Action item:
Each line from the one holding "37B Polkinghorne Drive, Manly" to the last line below must be restated word for word, and no picture may be included.

Dataset section:
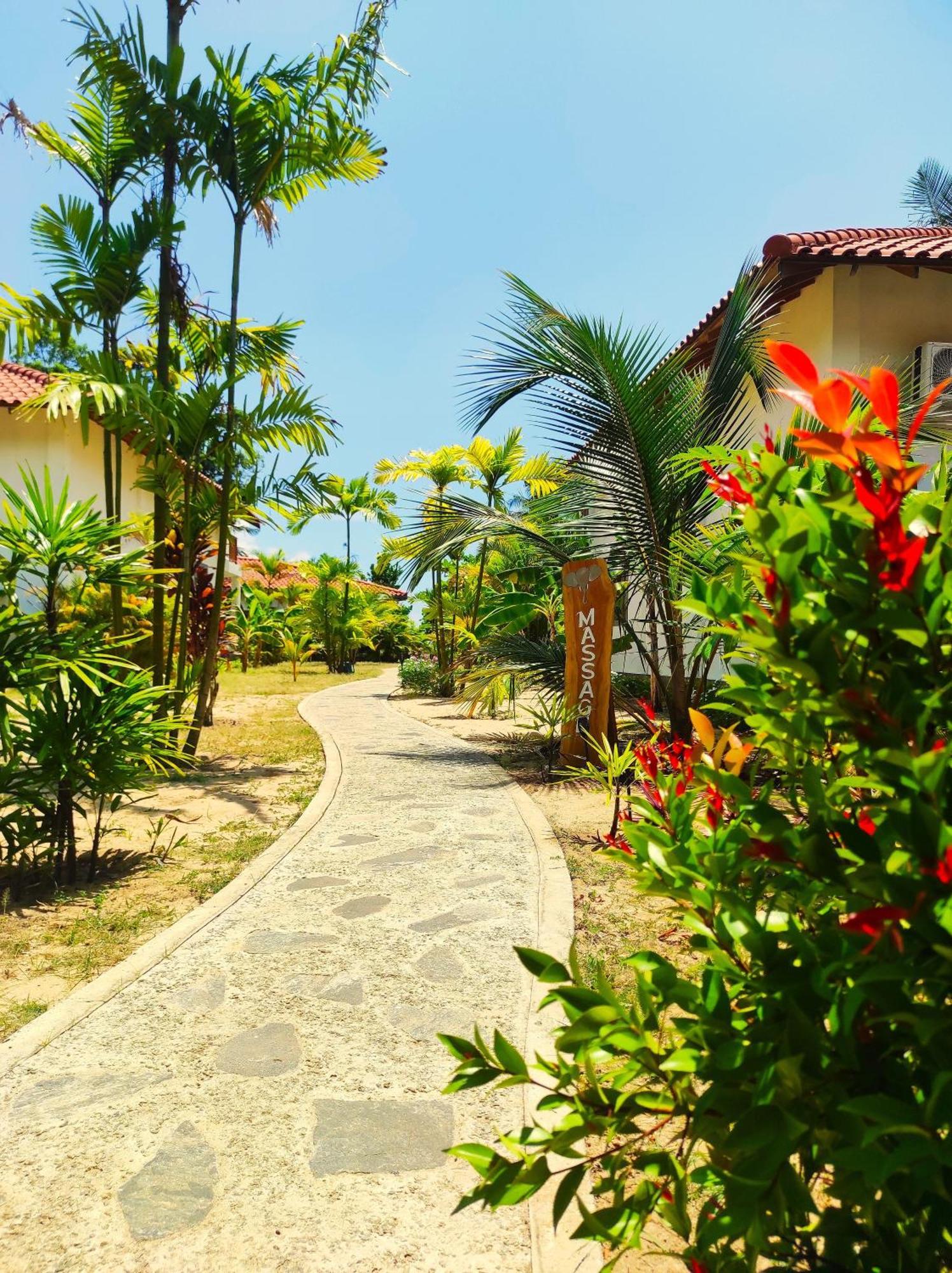 Sleeping Elephant Beach Resort Tangalle Exteriör bild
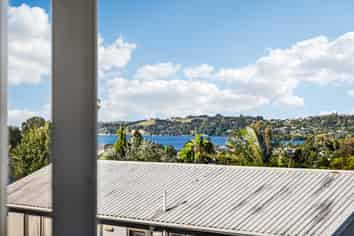 37B Polkinghorne Drive, Manly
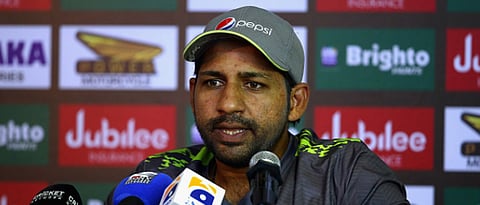 'काळा आला बघ' म्हणणारा पाक कर्णधार अडचणीत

Your solution:
 37B Polkinghorne Drive, Manly
 'काळा आला बघ' म्हणणारा पाक कर्णधार अडचणीत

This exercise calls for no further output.